Klapa Maria I, Tsafou Kalliopi, Theodoridis Evangelos, Tsakalidis Athanasios, Moschonas Nicholas K
Department of General Biology, School of Medicine, University of Patras, Rio, Patras, Greece.
BMC Syst Biol. 2013 Oct 2;7:96. doi: 10.1186/1752-0509-7-96.
Understanding the topology and dynamics of the human protein-protein interaction (PPI) network will significantly contribute to biomedical research, therefore its systematic reconstruction is required. Several meta-databases integrate source PPI datasets, but the protein node sets of their networks vary depending on the PPI data combined. Due to this inherent heterogeneity, the way in which the human PPI network expands via multiple dataset integration has not been comprehensively analyzed. We aim at assembling the human interactome in a global structured way and exploring it to gain insights of biological relevance.

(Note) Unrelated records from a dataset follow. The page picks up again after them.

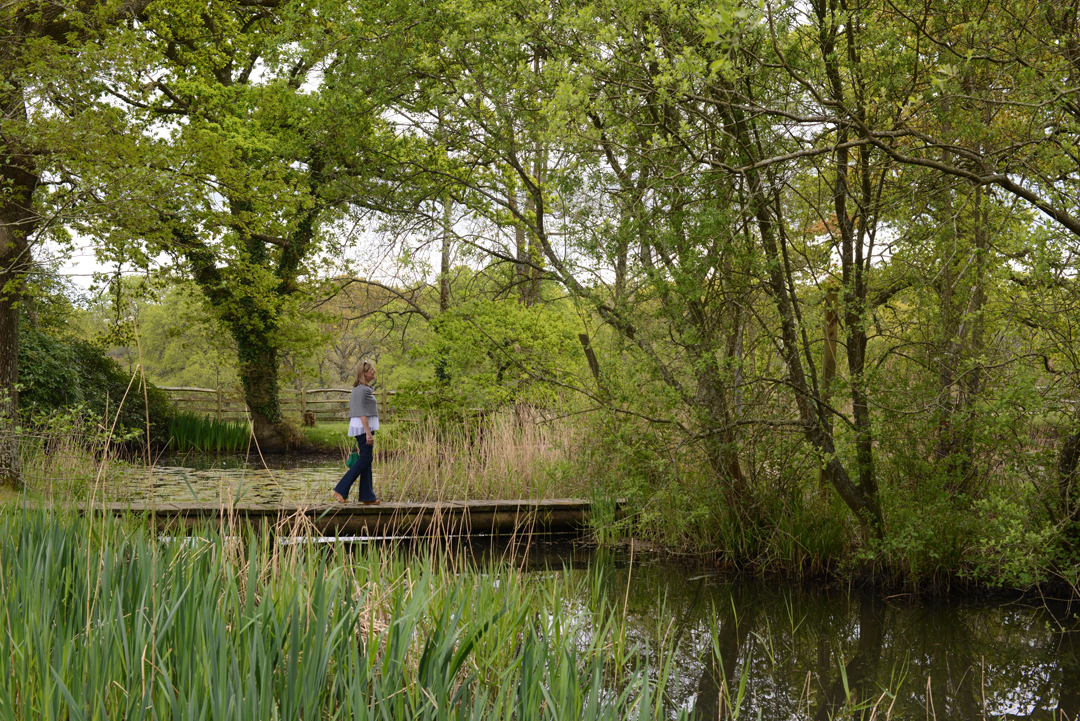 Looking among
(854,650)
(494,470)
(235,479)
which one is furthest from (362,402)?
(854,650)

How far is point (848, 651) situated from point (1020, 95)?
344cm

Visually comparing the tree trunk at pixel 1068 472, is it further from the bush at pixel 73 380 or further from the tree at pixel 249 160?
the bush at pixel 73 380

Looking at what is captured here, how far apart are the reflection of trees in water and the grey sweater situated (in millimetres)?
3143

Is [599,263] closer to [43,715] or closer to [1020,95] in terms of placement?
[1020,95]

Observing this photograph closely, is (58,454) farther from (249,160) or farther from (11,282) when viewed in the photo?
(249,160)

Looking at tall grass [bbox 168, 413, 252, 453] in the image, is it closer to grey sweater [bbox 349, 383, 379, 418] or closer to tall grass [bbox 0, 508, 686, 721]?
grey sweater [bbox 349, 383, 379, 418]

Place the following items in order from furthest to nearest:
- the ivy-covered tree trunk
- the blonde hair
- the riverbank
A: the ivy-covered tree trunk, the blonde hair, the riverbank

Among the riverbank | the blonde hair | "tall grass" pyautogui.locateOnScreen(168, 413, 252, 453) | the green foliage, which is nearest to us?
the riverbank

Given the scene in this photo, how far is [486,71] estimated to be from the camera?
849 centimetres

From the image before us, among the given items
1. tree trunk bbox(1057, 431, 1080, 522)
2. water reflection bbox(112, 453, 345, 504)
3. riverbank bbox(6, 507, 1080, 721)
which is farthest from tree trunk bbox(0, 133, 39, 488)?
tree trunk bbox(1057, 431, 1080, 522)

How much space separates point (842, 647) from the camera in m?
5.32

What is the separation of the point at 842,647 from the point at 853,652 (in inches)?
3.5

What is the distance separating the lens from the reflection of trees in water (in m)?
4.36

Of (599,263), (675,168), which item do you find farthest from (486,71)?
(675,168) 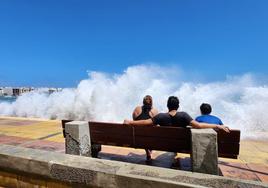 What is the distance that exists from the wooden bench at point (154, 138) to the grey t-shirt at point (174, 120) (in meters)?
0.42

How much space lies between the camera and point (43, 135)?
7.29 meters

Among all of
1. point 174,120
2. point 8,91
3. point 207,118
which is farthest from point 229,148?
point 8,91

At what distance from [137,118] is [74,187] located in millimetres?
2242

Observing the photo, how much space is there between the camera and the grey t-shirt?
148 inches

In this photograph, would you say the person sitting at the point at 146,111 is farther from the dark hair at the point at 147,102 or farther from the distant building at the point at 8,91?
the distant building at the point at 8,91

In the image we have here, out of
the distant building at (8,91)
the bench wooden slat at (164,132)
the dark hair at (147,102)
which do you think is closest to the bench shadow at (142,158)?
the dark hair at (147,102)

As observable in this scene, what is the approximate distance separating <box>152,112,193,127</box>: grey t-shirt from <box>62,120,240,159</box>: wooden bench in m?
0.42

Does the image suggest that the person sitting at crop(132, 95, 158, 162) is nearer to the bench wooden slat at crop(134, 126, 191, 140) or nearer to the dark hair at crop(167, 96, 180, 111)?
the dark hair at crop(167, 96, 180, 111)

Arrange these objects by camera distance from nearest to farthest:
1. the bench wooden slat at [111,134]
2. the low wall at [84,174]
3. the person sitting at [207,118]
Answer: the low wall at [84,174] → the bench wooden slat at [111,134] → the person sitting at [207,118]

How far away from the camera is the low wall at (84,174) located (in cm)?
215

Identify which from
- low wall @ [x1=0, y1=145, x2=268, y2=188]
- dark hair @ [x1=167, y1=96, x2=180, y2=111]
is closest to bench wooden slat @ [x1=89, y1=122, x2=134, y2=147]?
dark hair @ [x1=167, y1=96, x2=180, y2=111]

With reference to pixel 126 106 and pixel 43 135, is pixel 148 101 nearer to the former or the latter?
pixel 43 135

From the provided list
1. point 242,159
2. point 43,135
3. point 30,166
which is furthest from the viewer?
point 43,135

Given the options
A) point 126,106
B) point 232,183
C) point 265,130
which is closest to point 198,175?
point 232,183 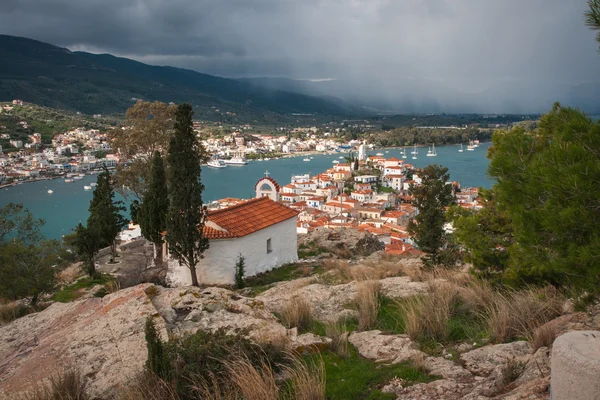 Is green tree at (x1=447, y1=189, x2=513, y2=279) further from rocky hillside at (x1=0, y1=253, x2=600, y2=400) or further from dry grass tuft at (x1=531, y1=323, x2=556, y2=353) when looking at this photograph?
dry grass tuft at (x1=531, y1=323, x2=556, y2=353)

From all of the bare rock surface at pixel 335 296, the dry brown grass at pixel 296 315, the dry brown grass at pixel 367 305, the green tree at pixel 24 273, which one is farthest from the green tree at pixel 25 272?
the dry brown grass at pixel 367 305

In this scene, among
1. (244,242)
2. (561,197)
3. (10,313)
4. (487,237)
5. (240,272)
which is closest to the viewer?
(561,197)

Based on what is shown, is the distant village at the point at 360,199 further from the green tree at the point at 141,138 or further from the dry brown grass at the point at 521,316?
the dry brown grass at the point at 521,316

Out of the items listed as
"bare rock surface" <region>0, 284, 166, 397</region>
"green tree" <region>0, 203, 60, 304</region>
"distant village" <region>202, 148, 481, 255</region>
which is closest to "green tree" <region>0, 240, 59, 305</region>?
"green tree" <region>0, 203, 60, 304</region>

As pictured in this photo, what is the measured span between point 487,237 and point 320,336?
11.2ft

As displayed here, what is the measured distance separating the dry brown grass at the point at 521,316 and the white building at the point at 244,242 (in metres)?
7.48

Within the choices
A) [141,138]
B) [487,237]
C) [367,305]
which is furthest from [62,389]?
[141,138]

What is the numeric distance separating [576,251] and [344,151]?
379ft

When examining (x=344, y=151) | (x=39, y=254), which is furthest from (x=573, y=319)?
(x=344, y=151)

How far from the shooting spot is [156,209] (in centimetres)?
1259

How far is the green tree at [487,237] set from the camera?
6.44 meters

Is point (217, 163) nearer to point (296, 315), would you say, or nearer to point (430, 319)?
point (296, 315)

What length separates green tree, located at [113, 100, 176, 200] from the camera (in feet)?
52.7

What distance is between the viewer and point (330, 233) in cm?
1700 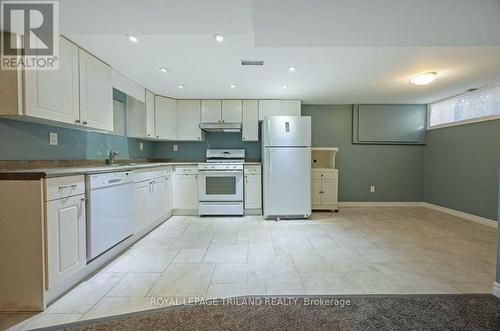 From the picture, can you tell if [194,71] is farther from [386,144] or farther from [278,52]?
[386,144]

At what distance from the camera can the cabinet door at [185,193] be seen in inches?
156

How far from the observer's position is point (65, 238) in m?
1.64

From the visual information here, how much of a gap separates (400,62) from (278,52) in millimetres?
1473

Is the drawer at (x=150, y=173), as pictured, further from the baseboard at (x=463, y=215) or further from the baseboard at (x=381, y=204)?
the baseboard at (x=463, y=215)

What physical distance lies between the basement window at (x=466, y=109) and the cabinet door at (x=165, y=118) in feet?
16.7

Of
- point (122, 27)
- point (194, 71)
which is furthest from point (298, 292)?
point (194, 71)

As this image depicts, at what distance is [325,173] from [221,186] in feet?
6.61

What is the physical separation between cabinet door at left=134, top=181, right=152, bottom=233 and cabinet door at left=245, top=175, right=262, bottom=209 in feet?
5.32

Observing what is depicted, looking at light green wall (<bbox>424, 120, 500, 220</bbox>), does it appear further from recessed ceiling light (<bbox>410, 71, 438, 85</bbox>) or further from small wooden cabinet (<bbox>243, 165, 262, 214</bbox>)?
small wooden cabinet (<bbox>243, 165, 262, 214</bbox>)

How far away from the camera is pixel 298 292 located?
1.68m

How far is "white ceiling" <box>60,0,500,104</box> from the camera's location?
153 centimetres

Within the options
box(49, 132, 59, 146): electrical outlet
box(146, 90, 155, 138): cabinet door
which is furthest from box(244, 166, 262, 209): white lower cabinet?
box(49, 132, 59, 146): electrical outlet

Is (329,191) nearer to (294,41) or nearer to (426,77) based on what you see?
(426,77)

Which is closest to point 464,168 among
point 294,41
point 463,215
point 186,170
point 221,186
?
point 463,215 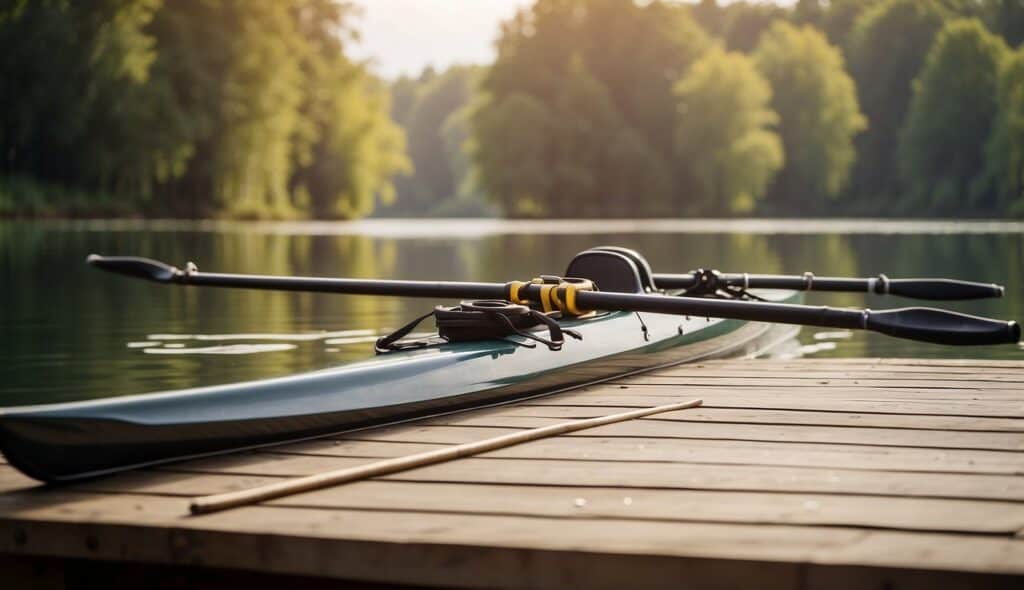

First, we defined the UniProtKB manually reviewed human "complete" proteome as the reference protein-node set and then we mined five major source PPI datasets for direct PPIs exclusively between the reference proteins. We updated the protein and publication identifiers and normalized all PPIs to the UniProt identifier level. The reconstructed interactome covers approximately 60% of the human proteome and has a scale-free structure. No apparent differentiating gene functional classification characteristics were identified for the unrepresented proteins. The source dataset integration augments the network mainly in PPIs. Polyubiquitin emerged as the highest-degree node, but the inclusion of most of its identified PPIs may be reconsidered. The high number (>300) of connections of the subsequent fifteen proteins correlates well with their essential biological role. According to the power-law network structure, the unrepresented proteins should mainly have up to four connections with equally poorly-connected interactors.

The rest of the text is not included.